## Task details
The material beneath this line should be printed exactly, with its pictures omitted.

## Dataset extract
+++
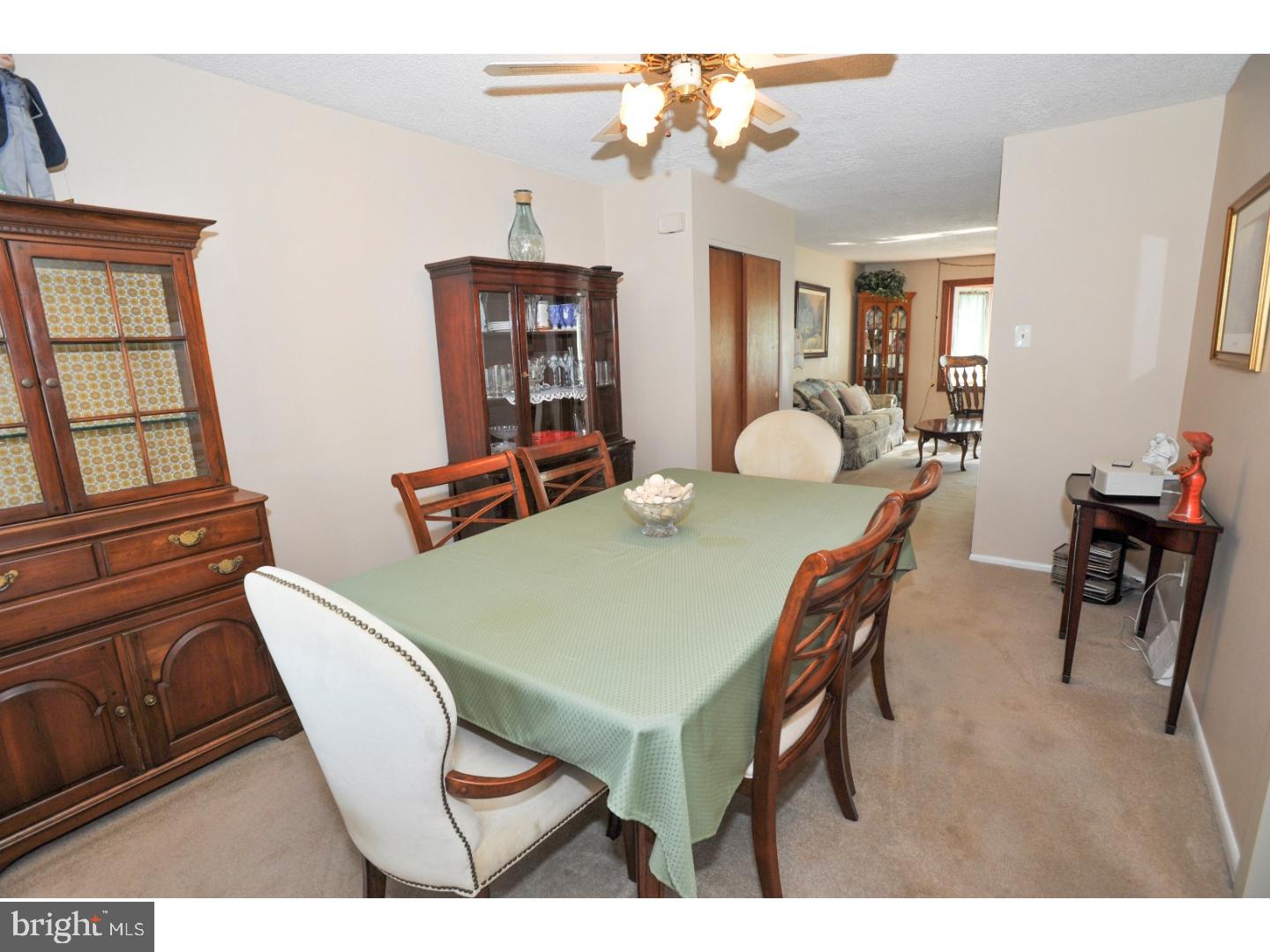 12512 Chilton Road Philadelphia, PA 19154 - Photo 6 of 24 Dining Room
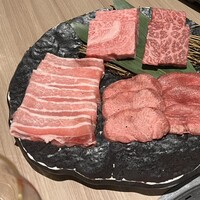 近江うし 焼肉 にくTATSU 青山本店 - 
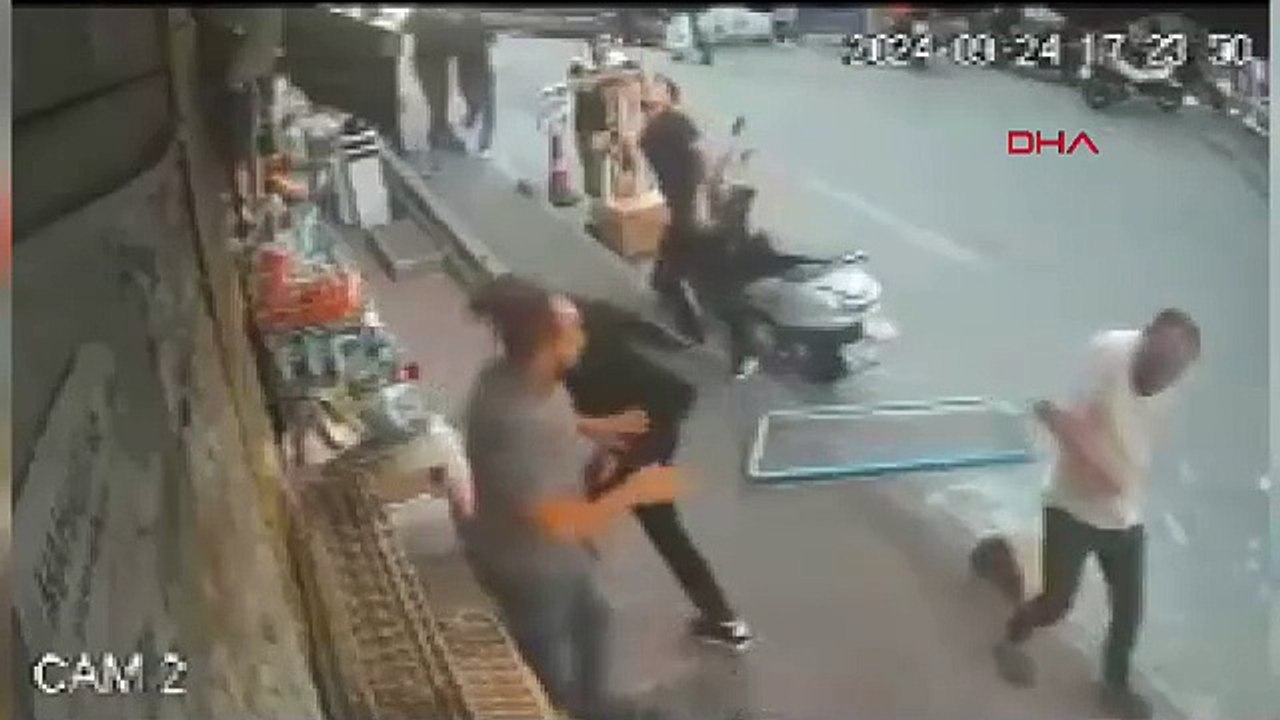 İstanbul- Fatih'te kaldırımda arkadaşıyla sohbet ederken üzerine cam çerçeve düştü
+++
## Written solution
 12512 Chilton Road Philadelphia, PA 19154 - Photo 6 of 24 Dining Room
 近江うし 焼肉 にくTATSU 青山本店 - 
 İstanbul- Fatih'te kaldırımda arkadaşıyla sohbet ederken üzerine cam çerçeve düştü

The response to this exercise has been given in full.